Introducing Search Schema for SharePoint 2013
Audience: Search Admin/ITPro
What is the search schema?
The search schema is a mechanism in SharePoint search that controls:
- Which aspects (properties) of items are to be indexed
- How and with what indexing structures particular pieces of data are indexed
- Which aliases can be used when querying using property restrictions
What does this mean really? It means that the search schema controls what can be searched for, how it can be searched for and how the results can be presented in your search sites.
Main schema concepts
The most important concepts in search schema are crawled properties and managed properties.

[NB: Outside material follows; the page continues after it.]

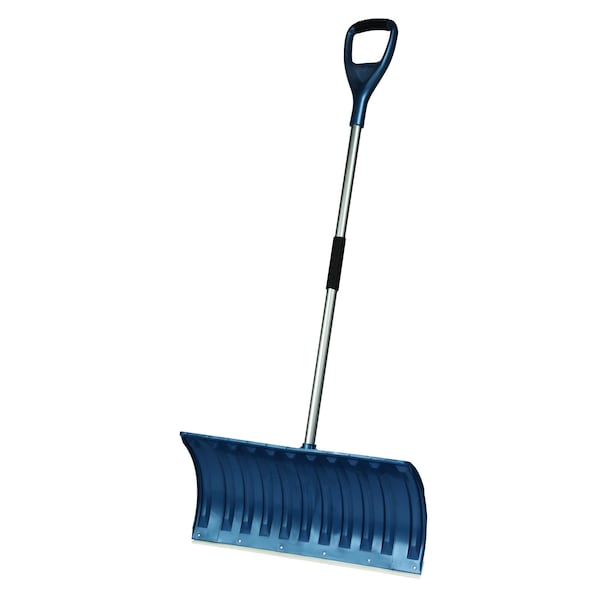 Emsco Group Northern Lites Plus 25in Poly Pusher Snow Shovel, Lightweight Snow Rolling Design 1186-1 - main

The typical data flow is illustrated by this figure:
So a crawl component reads items from the content database (or other content sources) and sends documents and metadata to the content processing component in the form of crawled properties. A lot of magic then happens inside the content processing component: the text of the item is extracted, language detected, spell-checking applied etc. In addition, the content processing component maps crawled properties to managed properties and outputs a set of name-value pairs of managed properties. As an example, this process includes picking the best crawled property value to index as the author of a document. For e.g. a PowerPoint document this is usually stored inside the document. In other cases the author is found from other crawled properties. This process is defined through the built-in search schema and so-called mappings between crawled properties and managed properties. Some mappings are prioritized, meaning that the first crawled property that actually has a value is picked, while others are not prioritized and the values of all the crawled properties are mapped to managed properties and thus indexed.
Who can modify the search schema?
The search schema contains a lot of system defined crawled and managed properties, as well as mappings in-between that are required for SharePoint Search to work properly. However, as an on-premises customer or SPO customer you also have the option to tweak the search schema to your liking.

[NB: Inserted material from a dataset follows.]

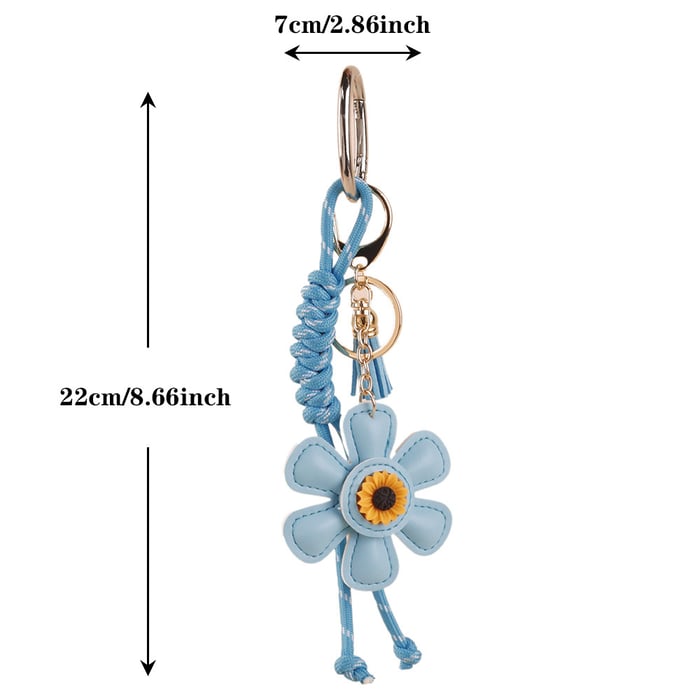 1 Piece Sweet Leather Flower Women's Bag Charms h5Picture5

With FAST Search for SharePoint 2010 and SharePoint Search 2010, only power users with the rights of Central Administrator could alter the built-in search schema. However, now in SharePoint 2013, even tenant admins and site collection admins/owners can modify their search schemas.
Levels of schemas in SharePoint for on-premises installations
For SharePoint on-premises installations there are two levels that matter for search schemas: search service application (SSA) level and site collection level. This is illustrated in the schema hierarchy shown below:
When SharePoint 2013 is initially installed there exists only one search schema, which is accessible at the central admin level (aka "SSA level" since the central administrator owns the search service application). As before, the central administrator is free to make a number of changes at this level.
In a similar fashion, the site collection owners may choose to override their search schemas that they otherwise inherit from the SSA level. This structure provides opportunities for companies to create and use the search schema for cross-company standards that enrich company-wide searches while still allowing site collections flexibility.
Levels of schemas in SharePoint Online
For SharePoint online (SPO) there are three levels that matter for search schemas: search service application (SSA), tenant and site collection level. This is illustrated in the schema hierarchy shown below:
In SPO, the SSA level is pre-defined (and the same as the default on-premises SSA level search schema). This schema may only be changed by Microsoft. However, new in SharePoint 2013 is the possibility for tenant administrators to modify this centrally defined schema for their tenant. Each tenant administrator inherits from this schema and may choose to override it with various types of changes (described further below).
In a similar fashion, the site collection owners may choose to override their search schemas that they otherwise inherit from the tenant level. This structure provides for opportunities for tenants to create and use the search schema for cross-company standards while still allowing site collections flexibility.
What can you do with the search schema?
Central administrators have the most freedom for search schema changes. Besides properties that are system defined or read-only and required for SharePoint 2013 to work properly, they can add, remove, change and delete any crawled property, managed property or mapping.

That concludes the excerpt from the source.